Work required: Below are records with pictures. Transcribe exactly, and only, the lines from the line with "2024 Tata NEXON" to the line with "Палиці для скандинавської", both ends included, but not the pictures.

Material supplied:
┌──

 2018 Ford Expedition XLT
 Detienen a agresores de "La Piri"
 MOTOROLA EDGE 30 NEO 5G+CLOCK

└──
┌──

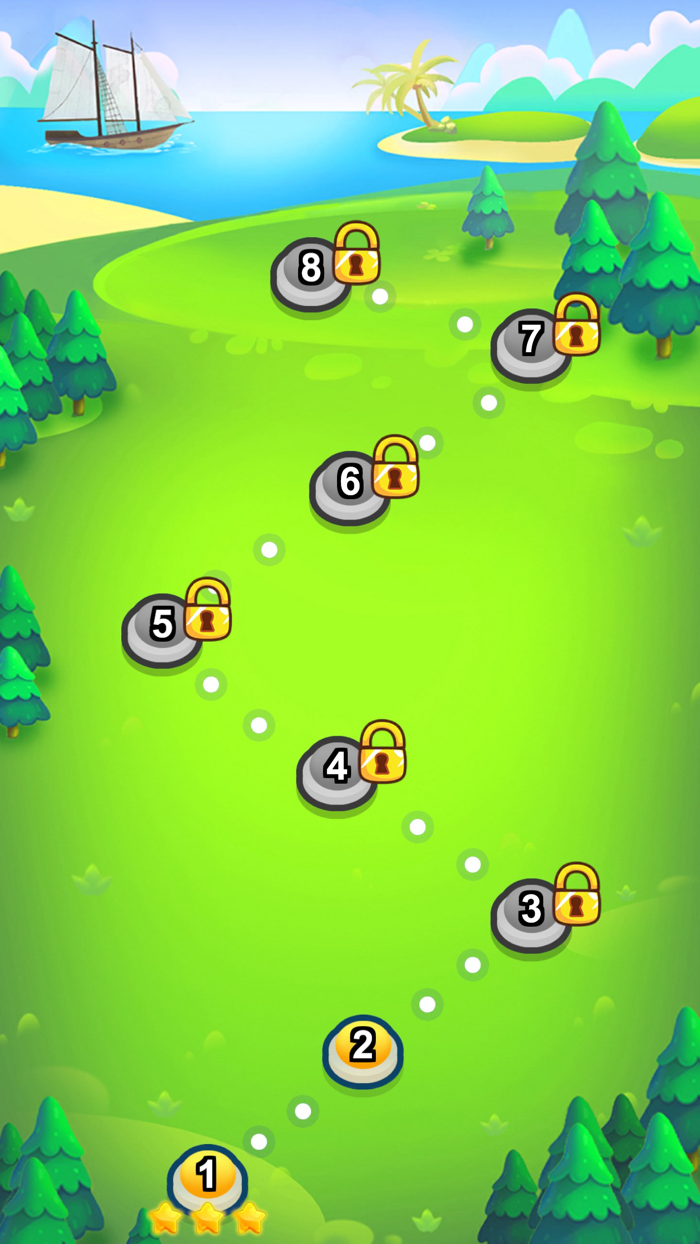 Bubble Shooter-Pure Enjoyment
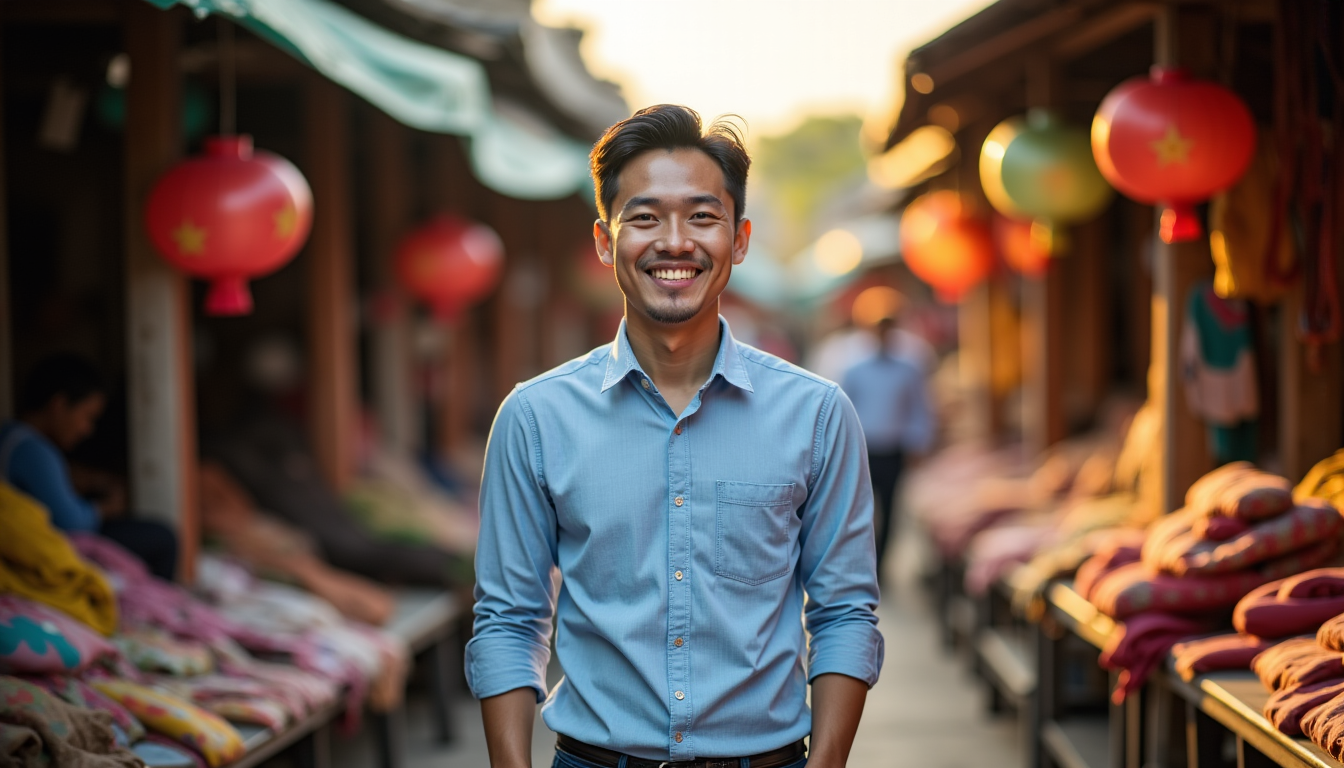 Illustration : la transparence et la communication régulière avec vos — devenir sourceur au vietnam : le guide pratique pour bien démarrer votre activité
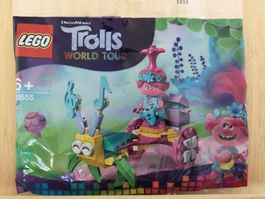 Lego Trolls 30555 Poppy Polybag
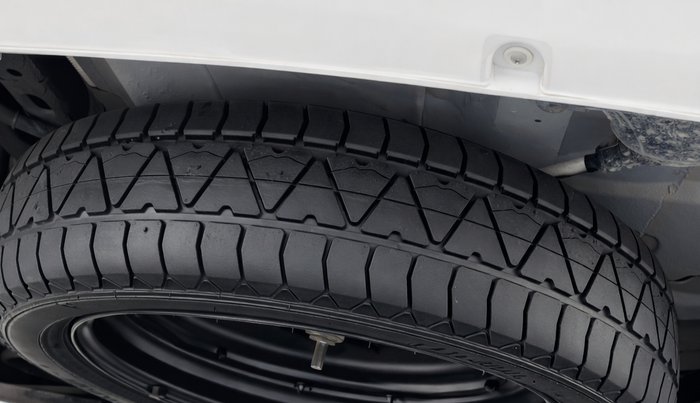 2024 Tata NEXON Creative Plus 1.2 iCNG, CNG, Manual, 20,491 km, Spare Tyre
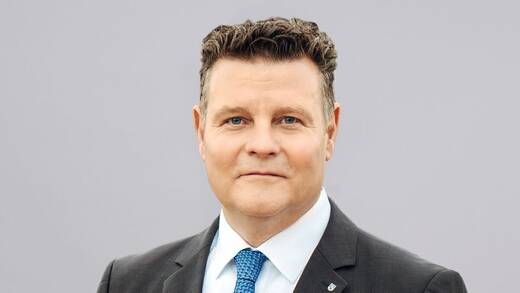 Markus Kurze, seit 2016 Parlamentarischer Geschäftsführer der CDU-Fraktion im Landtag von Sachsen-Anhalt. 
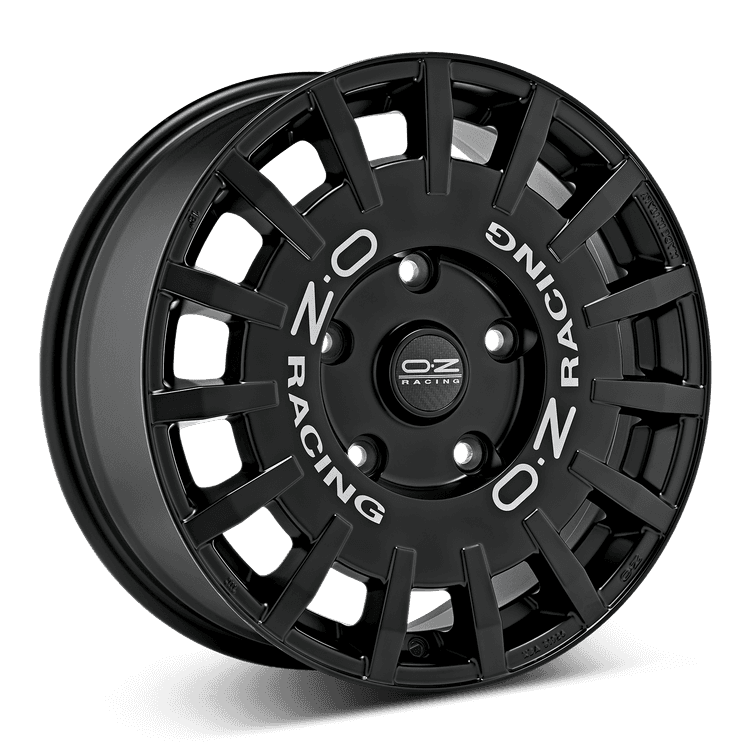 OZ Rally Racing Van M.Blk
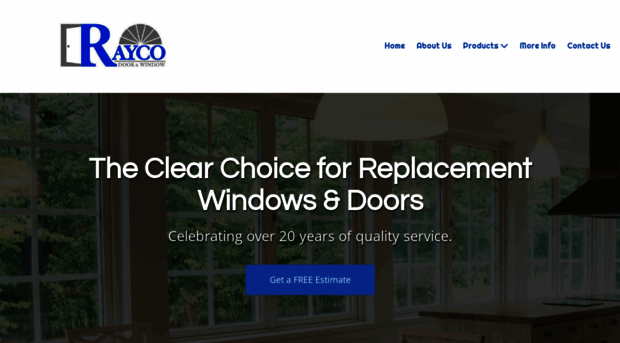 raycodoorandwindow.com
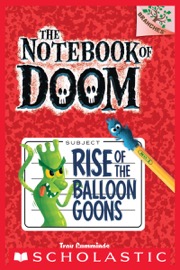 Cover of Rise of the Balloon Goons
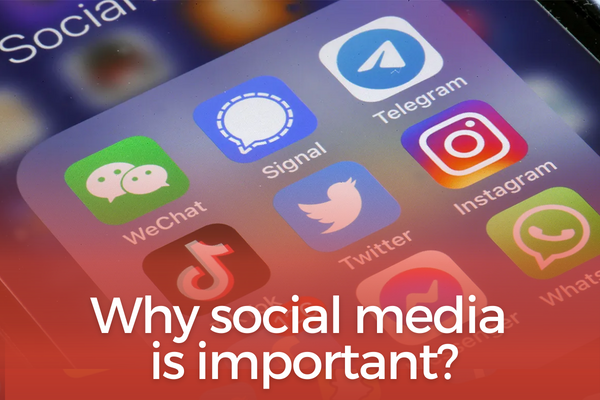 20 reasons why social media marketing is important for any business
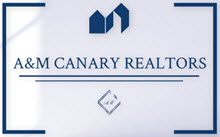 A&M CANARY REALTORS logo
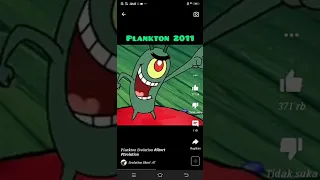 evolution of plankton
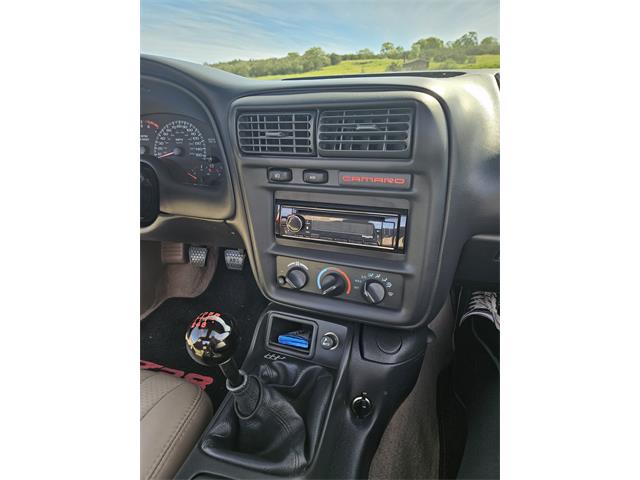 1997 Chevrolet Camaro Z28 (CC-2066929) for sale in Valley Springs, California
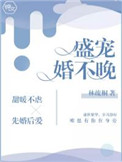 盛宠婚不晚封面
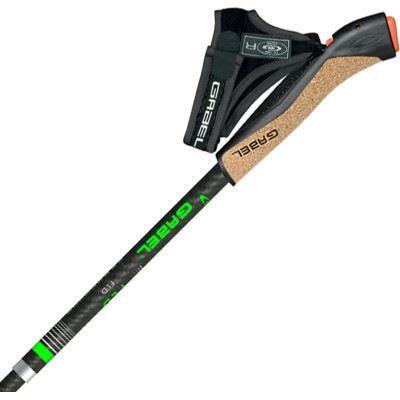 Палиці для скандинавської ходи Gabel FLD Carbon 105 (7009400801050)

└──
┌──

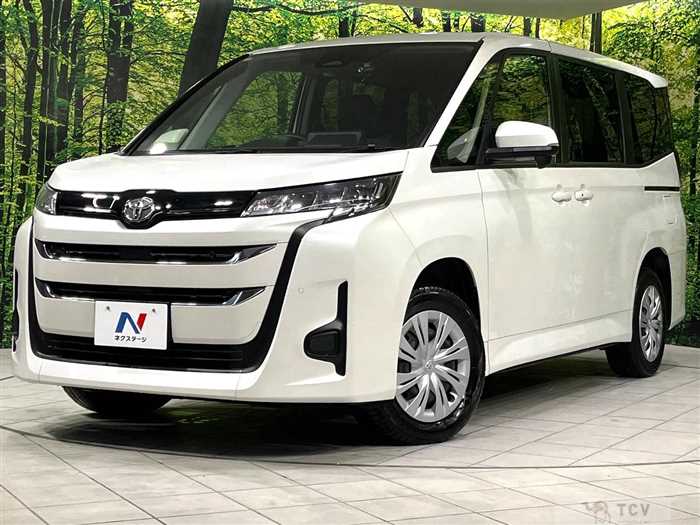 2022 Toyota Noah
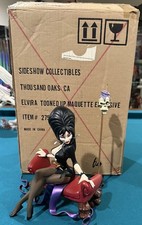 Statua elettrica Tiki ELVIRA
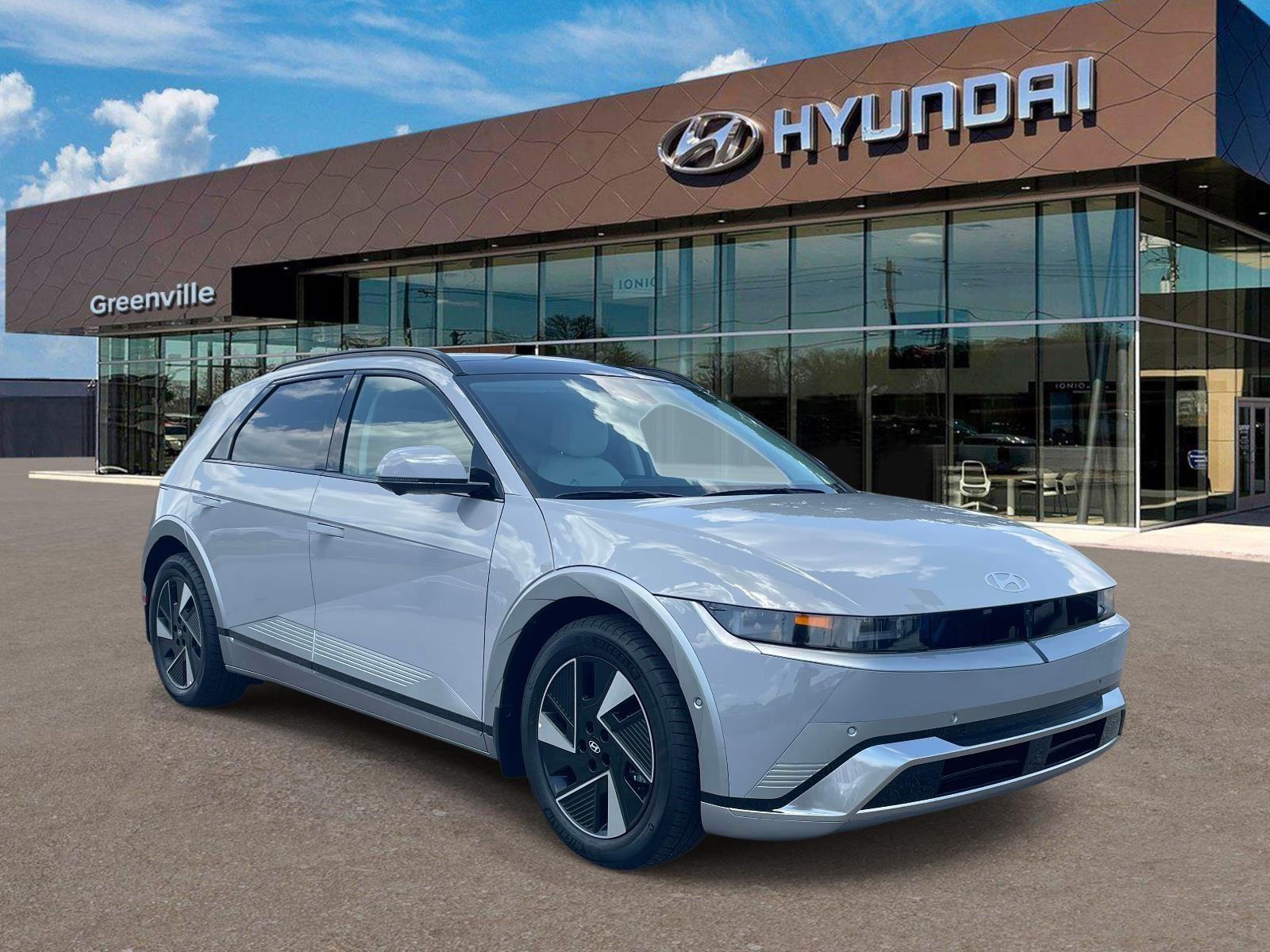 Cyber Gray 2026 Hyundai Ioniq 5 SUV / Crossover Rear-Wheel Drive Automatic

└──

Result of the exercise:
 2024 Tata NEXON Creative Plus 1.2 iCNG, CNG, Manual, 20,491 km, Spare Tyre
 Markus Kurze, seit 2016 Parlamentarischer Geschäftsführer der CDU-Fraktion im Landtag von Sachsen-Anhalt. 
 OZ Rally Racing Van M.Blk
 raycodoorandwindow.com
 Cover of Rise of the Balloon Goons
 20 reasons why social media marketing is important for any business
 A&M CANARY REALTORS logo
 evolution of plankton
 1997 Chevrolet Camaro Z28 (CC-2066929) for sale in Valley Springs, California
 盛宠婚不晚封面
 Палиці для скандинавської ходи Gabel FLD Carbon 105 (7009400801050)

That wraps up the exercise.